Wednesday, December 3, 2003 (Class 2)
- First Amendment is function of 20th Century; most jurisprudence is about 85 years old.
- Lochner era: court is striking down economic legislation but upholding legislation affecting speech, e.g., 1907 Patterson v. Colorado Justice Holmes, newspaper editor's conviction upheld.
- Various formulations
- Should you be able to punish people for speech intended to encourage violation of the law?
- Intent and Likelihood
- Likely to cause others to break law and speaker should know bad result will follow
- Initial cases: two World War I acts
- Espionage Act of 1917
- Issue false reports with intent to interfere with military success
- Willfully interfere with military
- Willfully obstruct recruting for military
- Sedition Act of 1918
- Made illegal disloyal statements, statements to discourage production of war materials
Masses Publishing Co. v. Patten
[244 Fed. 535] (1971 Southern District of New York)
- Plaintiff is publishing company, defendant is postmaster general.

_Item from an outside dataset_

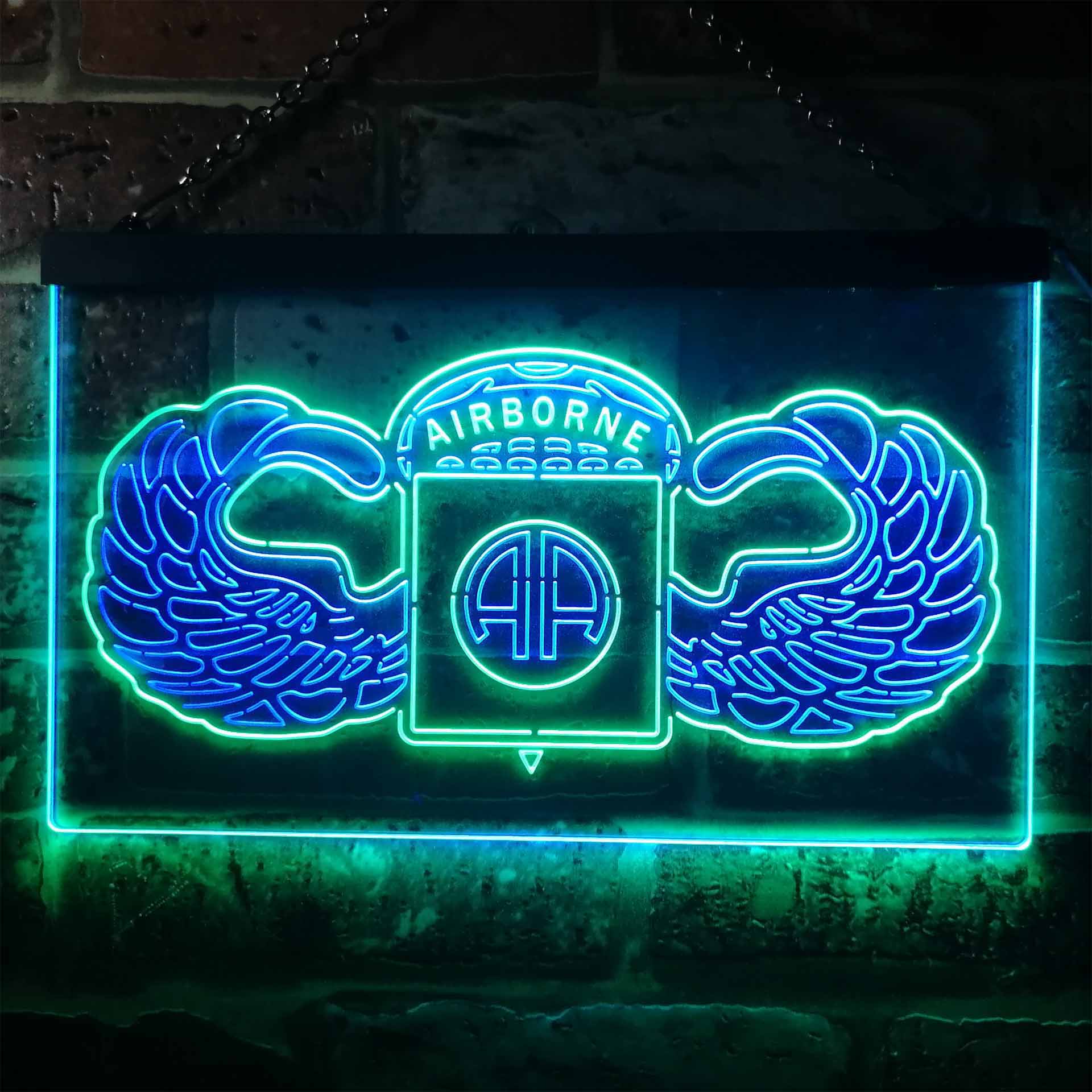 Airborne Neon LED Sign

Postmaster General refuses to distribute Masses publication.
- Plaintiff seeks injunction requiring post office to mail materials.
- Postmaster refused to carry on basis of four cartoons and one poem. Poem glorifies Emma Goldman.
- Hand issues injunction.
- Hand reads statute to permit distribution, says statute limits speech that directly advocates violation of law.
- Bright line test, easy to apply.
- No concern with likelihood of harm, however. Also, anyone intelligent can avoid liability under test.
Schenk v. United States
[249 U.S. 47] 1919 United States Supreme Court (cb15)
- Schenk is convicted of writing pamphlet urging resistance to draft: do not submit to intimidation, conscription violates Thirteenth Amendment, conscript is little better than convict. First side of pamphlet had first section of Thirteenth Amendment.
- No evidence that anyone acted on pamphlet.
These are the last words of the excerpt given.